Collected data:
============
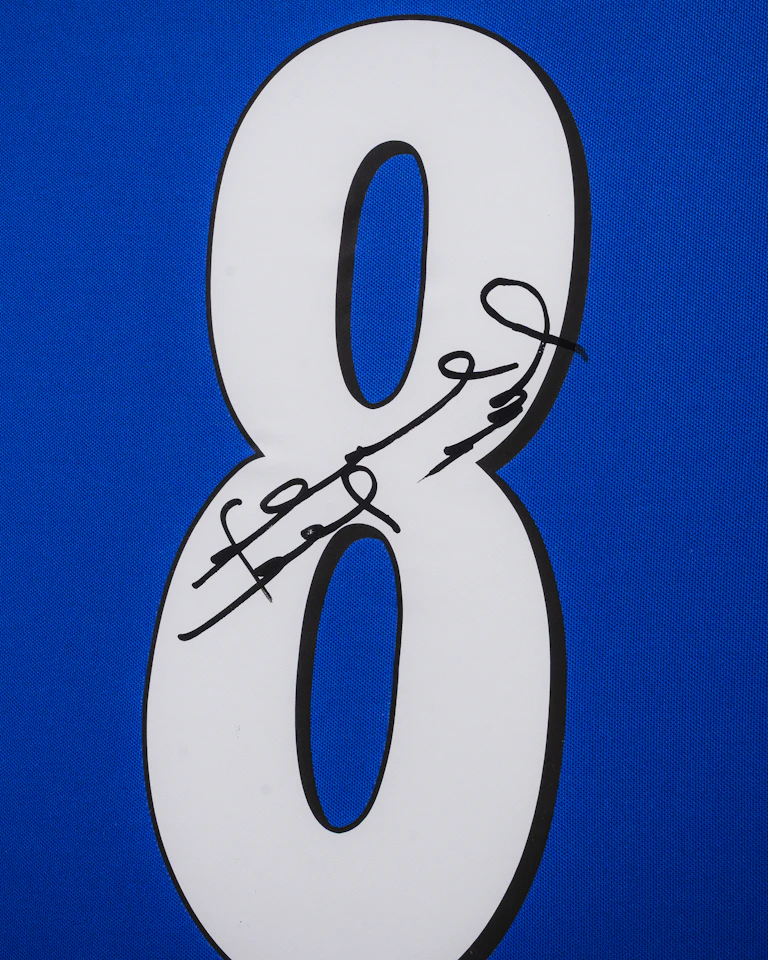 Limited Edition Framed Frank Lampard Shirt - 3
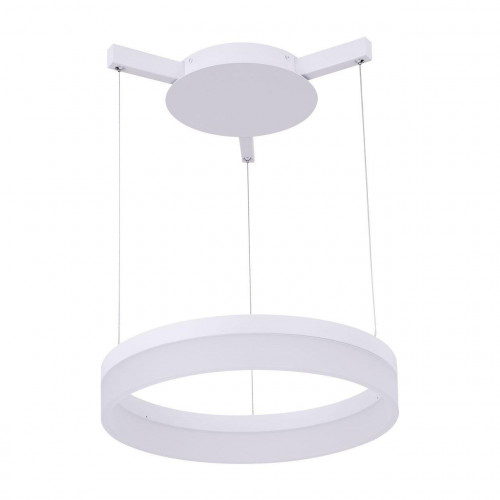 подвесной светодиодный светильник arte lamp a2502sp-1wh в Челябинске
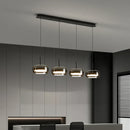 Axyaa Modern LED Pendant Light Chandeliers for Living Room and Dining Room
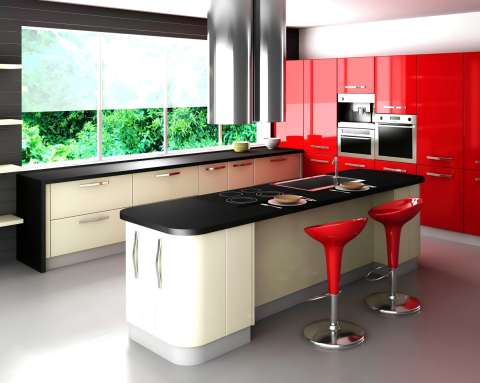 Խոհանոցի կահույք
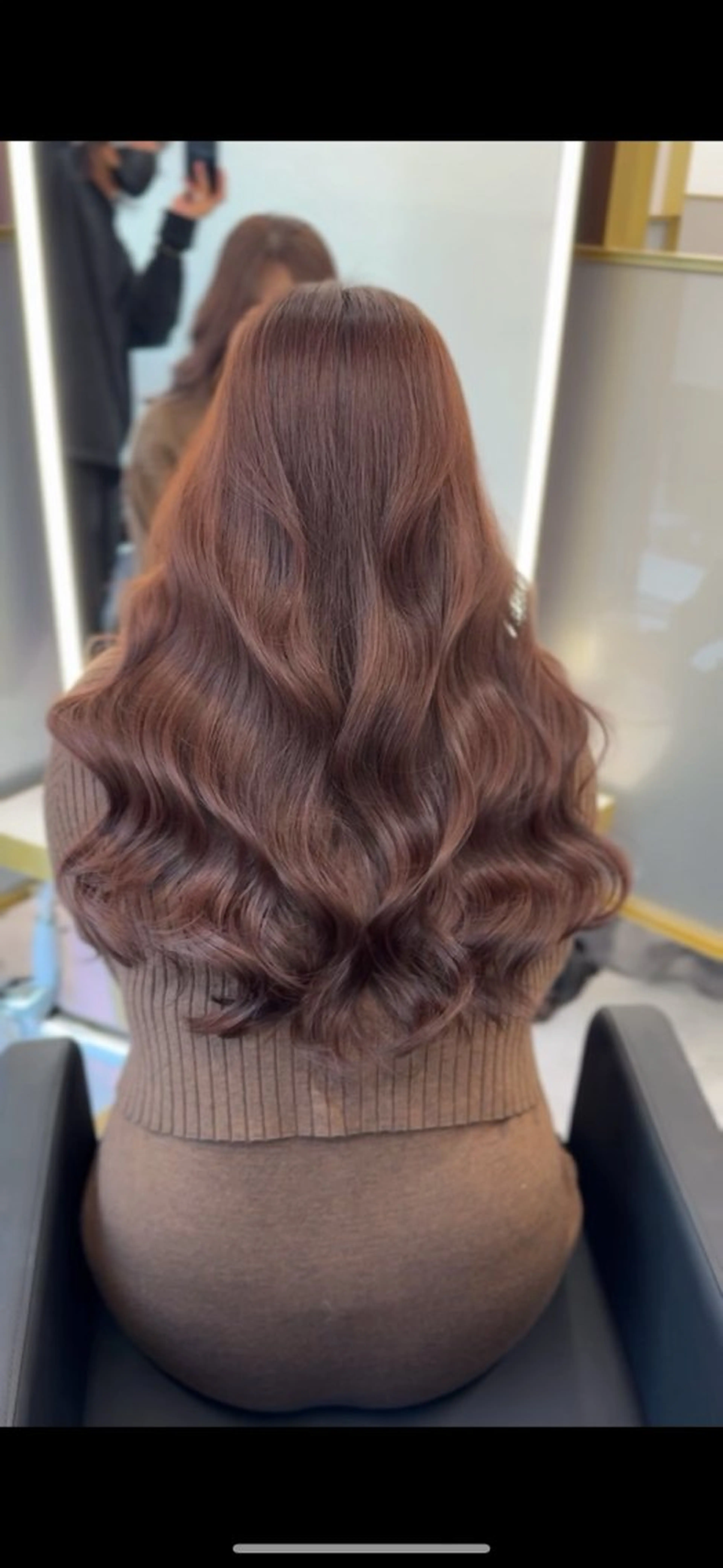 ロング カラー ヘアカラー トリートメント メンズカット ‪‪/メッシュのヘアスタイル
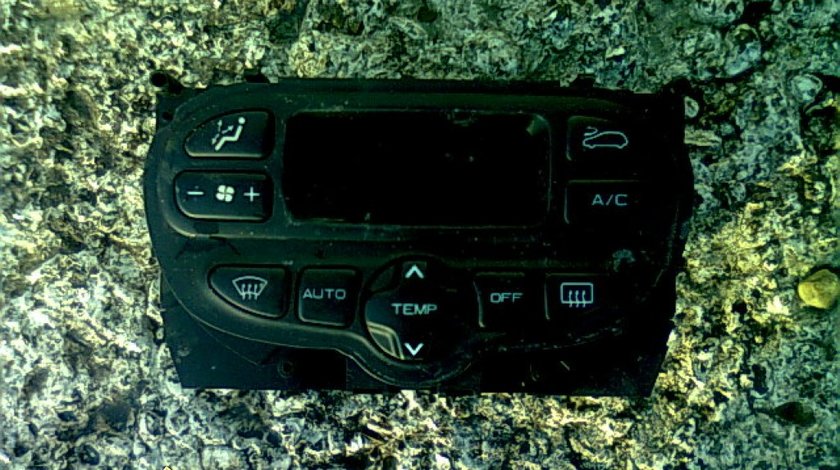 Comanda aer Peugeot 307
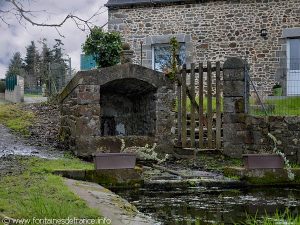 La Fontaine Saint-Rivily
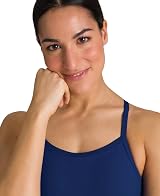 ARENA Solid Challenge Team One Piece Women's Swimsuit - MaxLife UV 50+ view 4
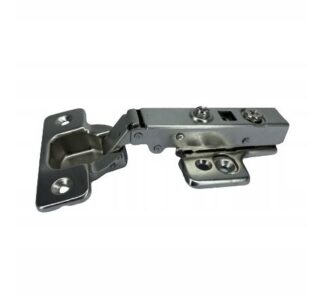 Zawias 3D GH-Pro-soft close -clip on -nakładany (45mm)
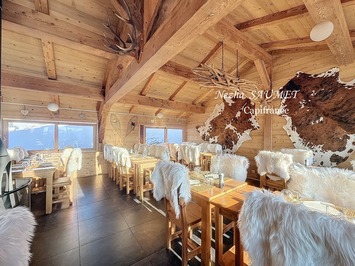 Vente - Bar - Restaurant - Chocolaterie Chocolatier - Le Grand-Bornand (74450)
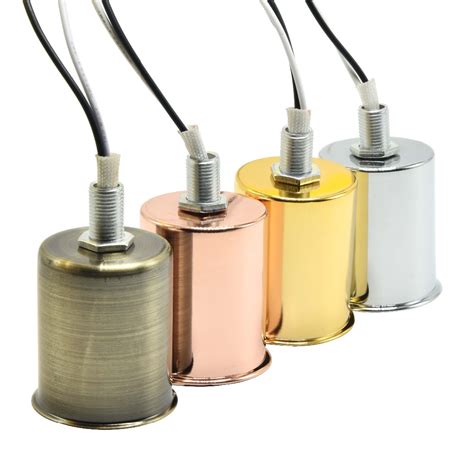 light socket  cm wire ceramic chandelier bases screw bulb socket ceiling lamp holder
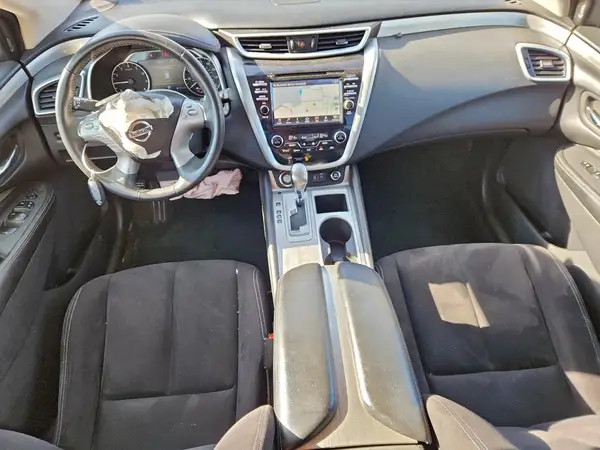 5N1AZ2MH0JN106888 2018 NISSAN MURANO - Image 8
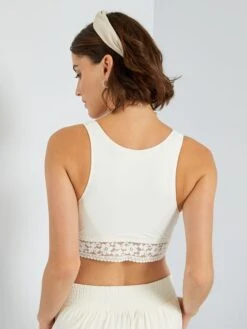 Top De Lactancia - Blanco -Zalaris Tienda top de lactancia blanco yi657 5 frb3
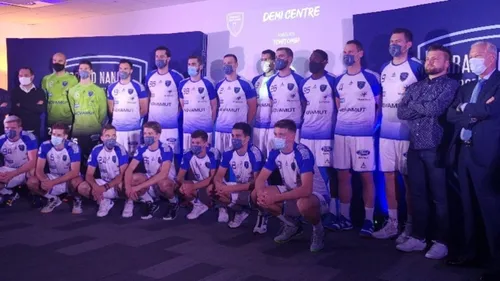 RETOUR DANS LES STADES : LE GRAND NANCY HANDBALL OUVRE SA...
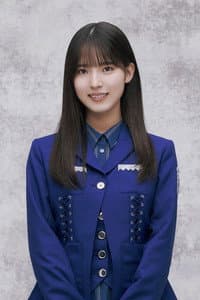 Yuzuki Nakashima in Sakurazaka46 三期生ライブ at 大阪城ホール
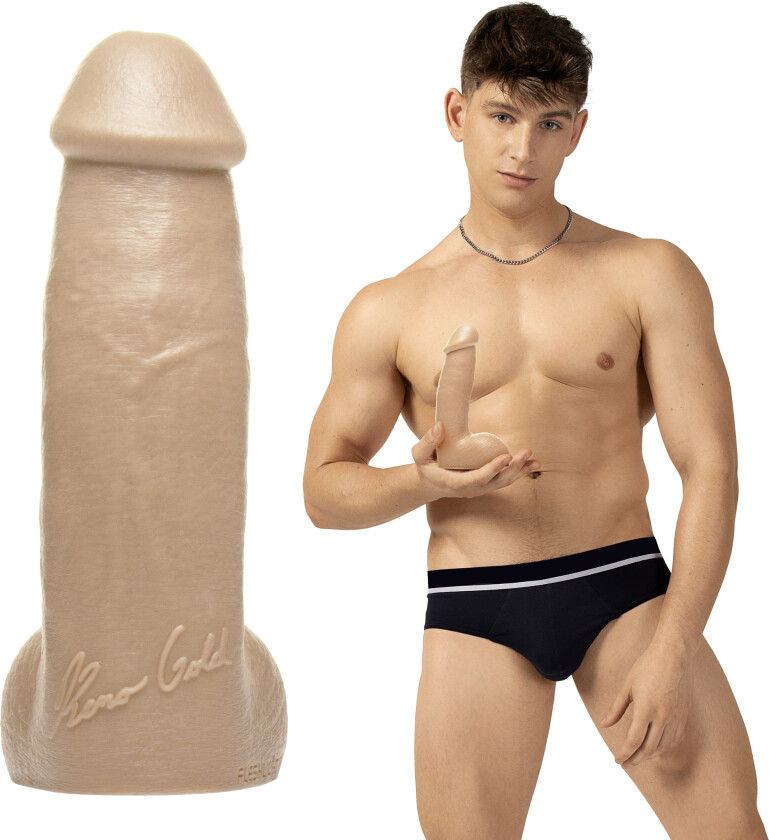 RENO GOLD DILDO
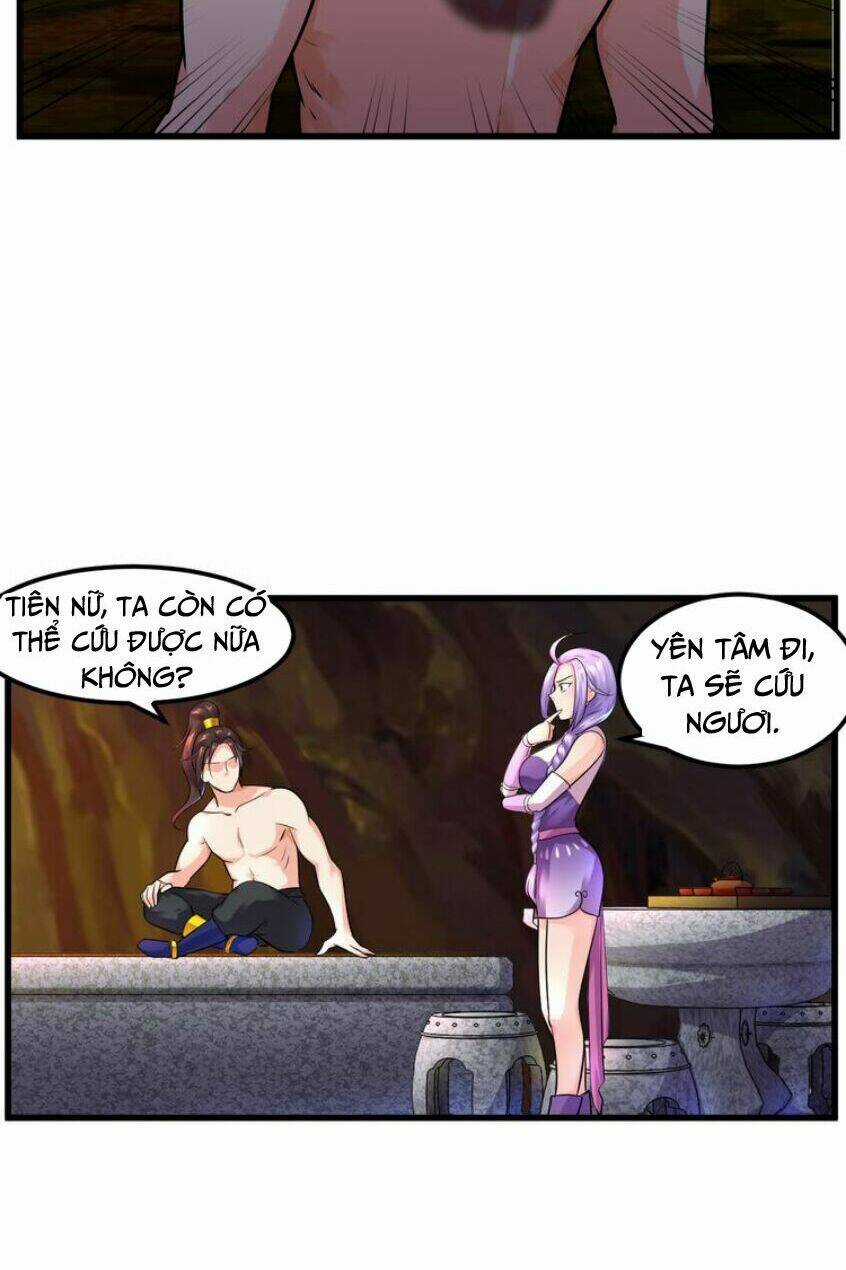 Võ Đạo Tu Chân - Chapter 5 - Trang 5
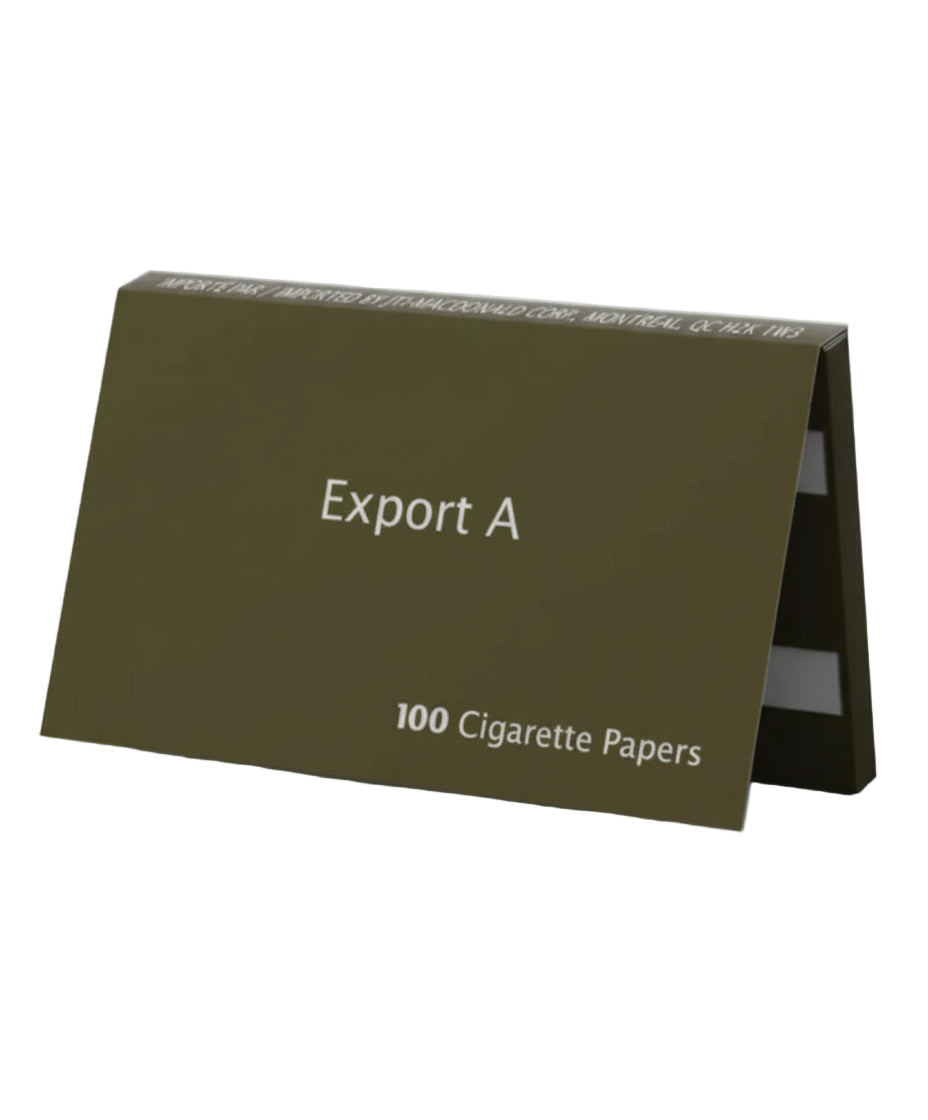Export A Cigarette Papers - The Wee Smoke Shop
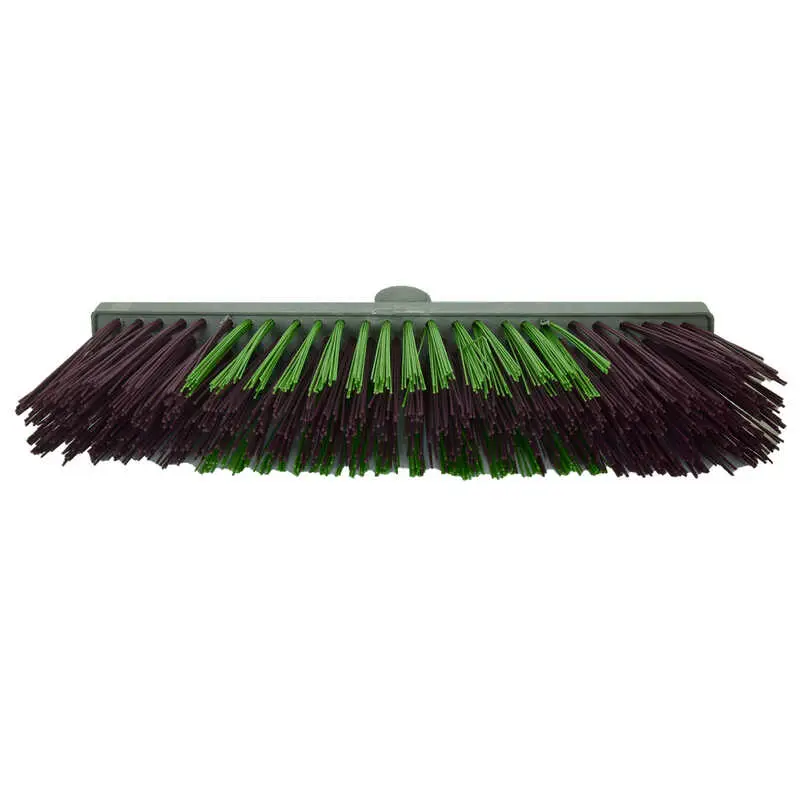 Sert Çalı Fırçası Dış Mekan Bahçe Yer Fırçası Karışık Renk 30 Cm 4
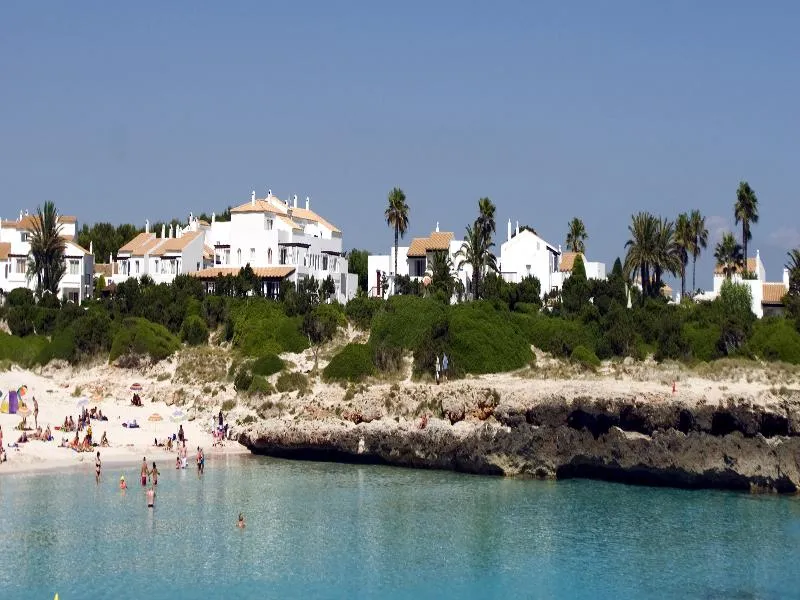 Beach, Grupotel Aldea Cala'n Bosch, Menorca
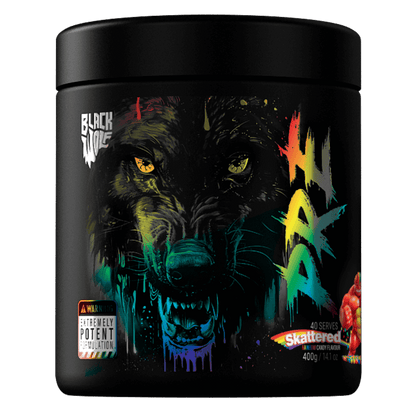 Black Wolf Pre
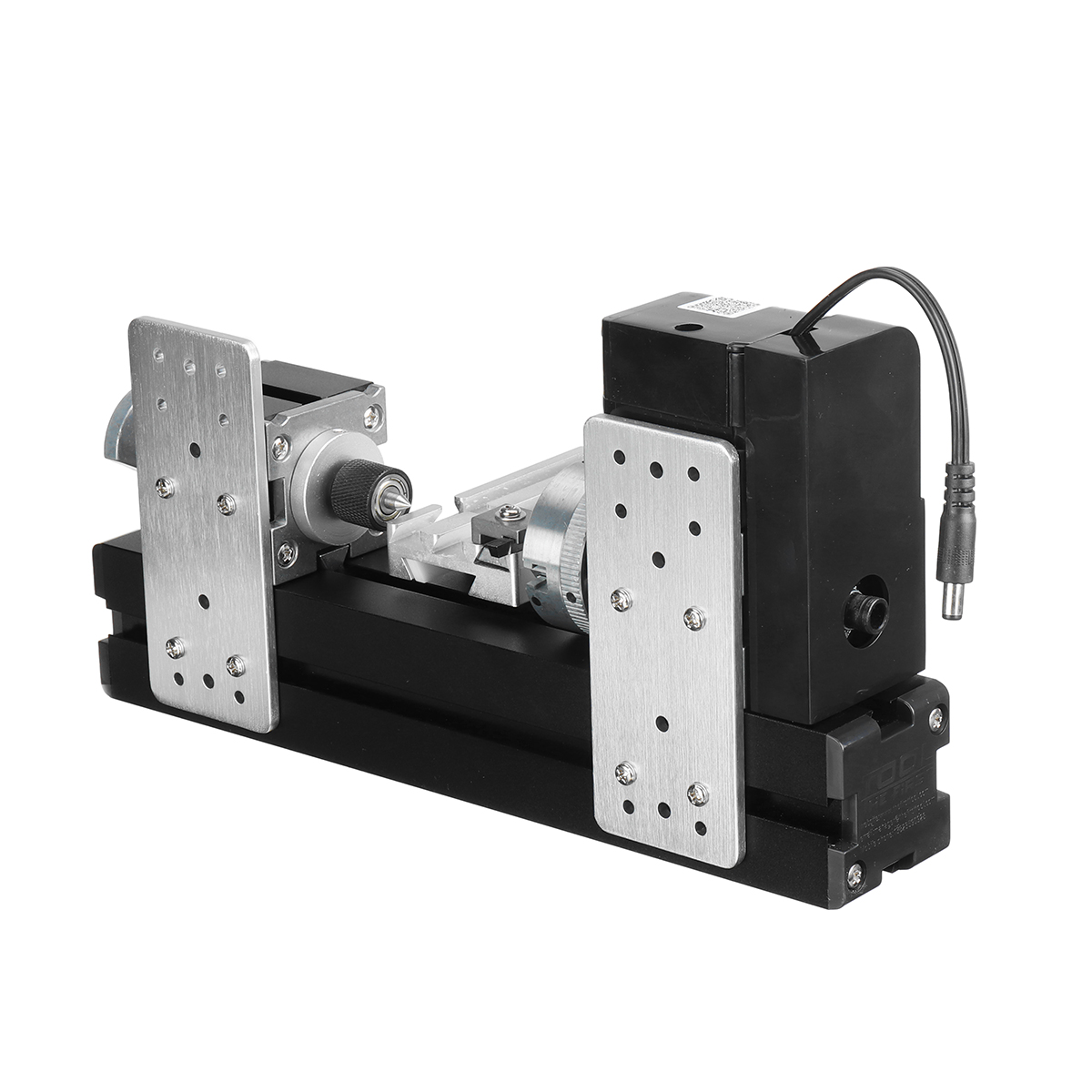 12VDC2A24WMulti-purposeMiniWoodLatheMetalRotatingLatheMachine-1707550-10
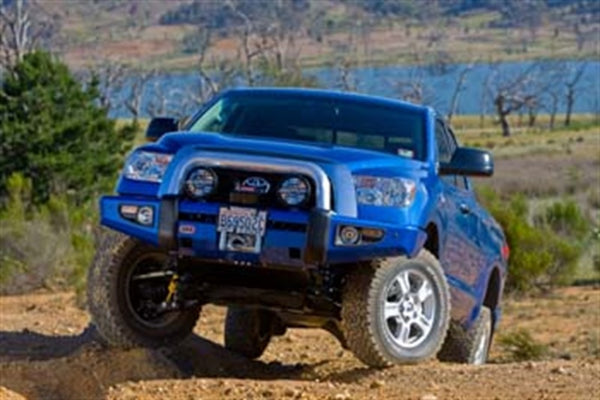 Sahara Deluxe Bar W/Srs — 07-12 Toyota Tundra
============
— Task objective —
Retype, please, exactly the lines that begin with the one containing "Black Wolf Pre" and end at the last line of the entries above, both included, leaving out pictures.

— Answer for the task —
 Black Wolf Pre
 12VDC2A24WMulti-purposeMiniWoodLatheMetalRotatingLatheMachine-1707550-10
 Sahara Deluxe Bar W/Srs — 07-12 Toyota Tundra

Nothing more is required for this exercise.